From a thermodynamic point of view, glass is a frozen, supercooled melt. The surface of just solidified glass can be as smooth as that of a solidified liquid. The roughness of flat glass is as low as 0.2 nm. Even such small irregularities, however, can be made visible with special microscopes. The structure of surfaces is generally of great importance, as these define the interfaces between the glass and the environment or coating.
The analysis of surfaces is also a focal point for Keylab Glass Technology. The properties of juvenile glass surfaces and their changes due to shaping, coating or storage, for example, are investigated both on model glasses and on technical products such as beverage bottles, glass tubes or crystal glasses.

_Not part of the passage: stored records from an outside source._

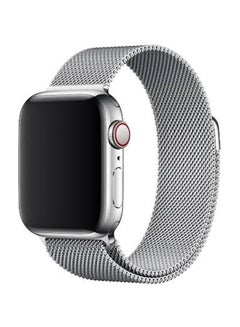 Stainless Steel Milanese Loop Band For Apple Watch Silver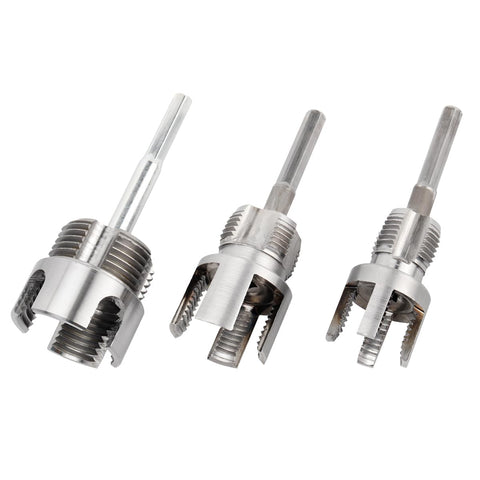 Evponk three-quarter-inch closeup demonstrates dual function internal and external threading.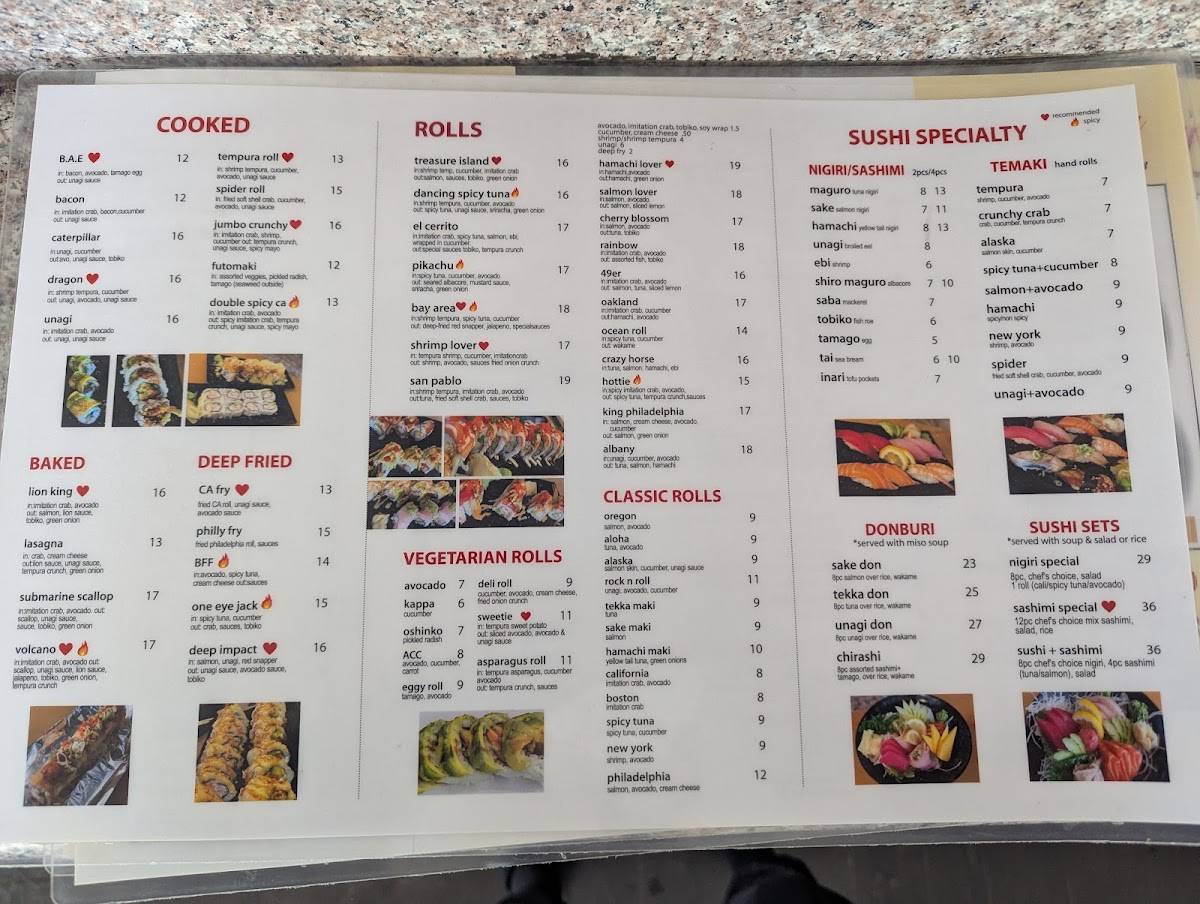 Menu Yammy Sushi-1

The special features of glass, an electrically non-conductive material (at low temperatures), require special analysis methods, sample preparation and measuring equipment. The measuring methods used include conventional light and electron microscopy, ellipsometry, reflectometry, FTIR, plasma and Raman spectroscopy, X-ray diffraction and profilometry, field emission scanning electron microscopy (FE-REM) with energy dispersive element analysis (EDX), atomic force microscopy (AFM), and chemical depth profile analysis with photoelectron spectroscopy (XPS), Auger electron microscopy, and secondary ion mass spectrometry (SIMS), among others.

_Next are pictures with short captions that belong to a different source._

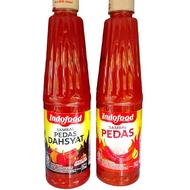 Indofood Sambal Pedas & Sambal Pedas Dahsyat Pet 275 Ml Botol - Saus Pedas untuk Ayam - Saos Makanan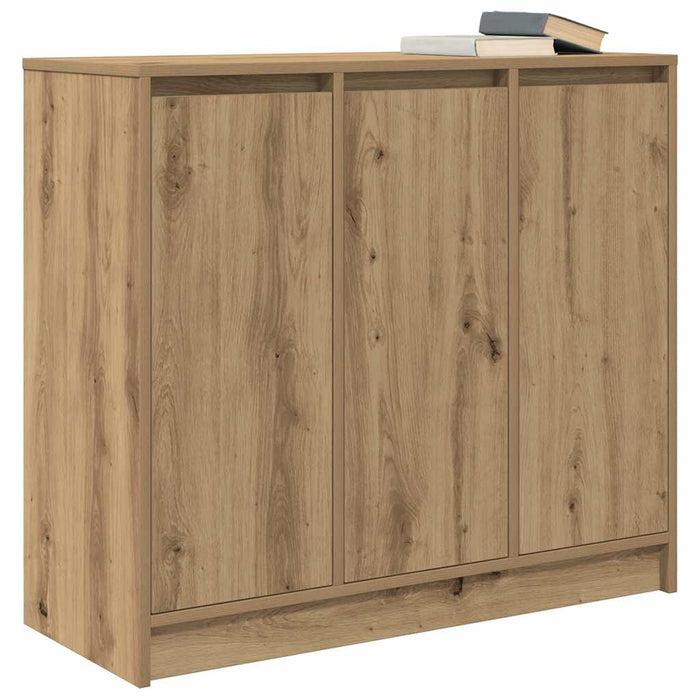 Credenza Rovere Artigianale 85x34x76 cm in Legno Multistrato 861633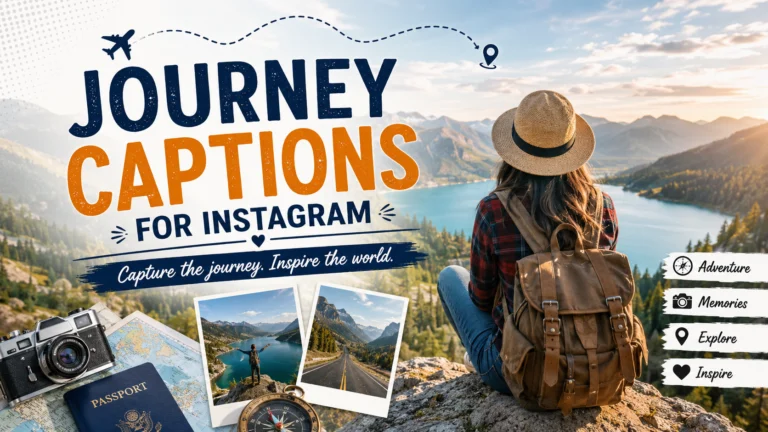 Journey Captions For Instagram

A wide range of materials science and physical investigation methods such as dilatometers, tribometers, micro-hardness measurement, dynamic mechanical and thermo-mechanical analysis, thermogravimetry, gas and mercury porosimetry, and nuclear magnetic resonance measurement are available for determining volume properties.
Manufacturing and processing processes are examined with thermography and high-speed cameras, among others.